Calibration-free quantitative phase imaging using data-driven aberration modeling
Taean Chang, Youngju Jo, Gunho Choi, Donghun Ryu, Hyun-Seok Min,, Yongkeun Park

TL;DR
This paper introduces a data-driven deep learning method for calibration-free quantitative phase imaging that corrects optical aberrations in a single shot, eliminating the need for additional calibration steps.
Contribution
It presents a novel deep neural network approach that models aberrations directly from data, enabling single-shot aberration correction without extra measurements or background regions.
Findings
Effective aberration correction demonstrated on 2D and 3D QPI data
Outperforms conventional background subtraction methods
Applicable to imaging of various confluent eukaryotic cells
Abstract
We present a data-driven approach to compensate for optical aberration in calibration-free quantitative phase imaging (QPI).

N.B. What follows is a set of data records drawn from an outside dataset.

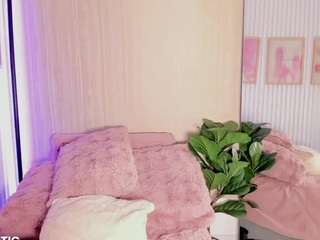 Mia-mystic live webcam show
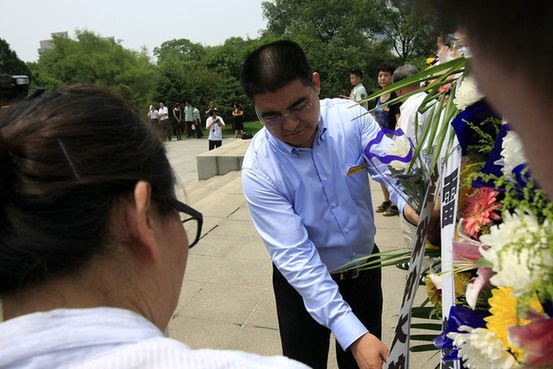 2014年7月1日，辽宁抚顺，陈光标在雷锋墓前敬献花篮。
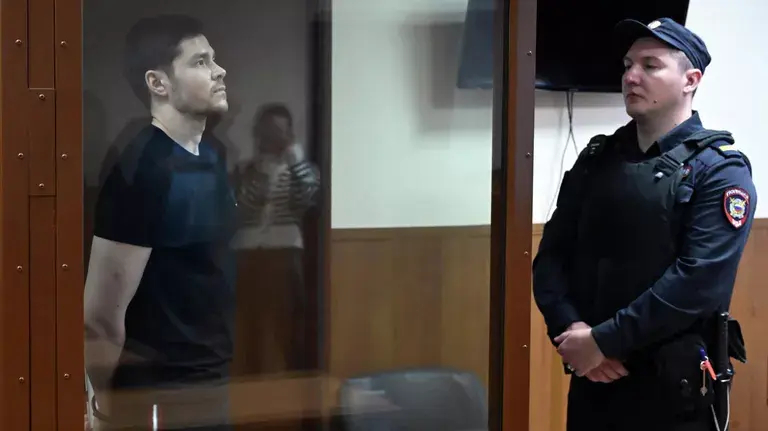 Блогер Аяз Шабутдинов осужден на 7 лет за мошенничество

Unlike existing methods that require additional measurements or a background region to correct aberrations, we exploit deep learning techniques to model the physics of aberration in an imaging system. We demonstrate the generation of a single-shot aberration-corrected field image by using a U-net-based deep neural network that learns a translation between an optical field with aberrations and an aberration-corrected field. The high fidelity of our method is demonstrated on 2D and 3D QPI measurements of various confluent eukaryotic cells, benchmarking against the conventional method using background subtractions.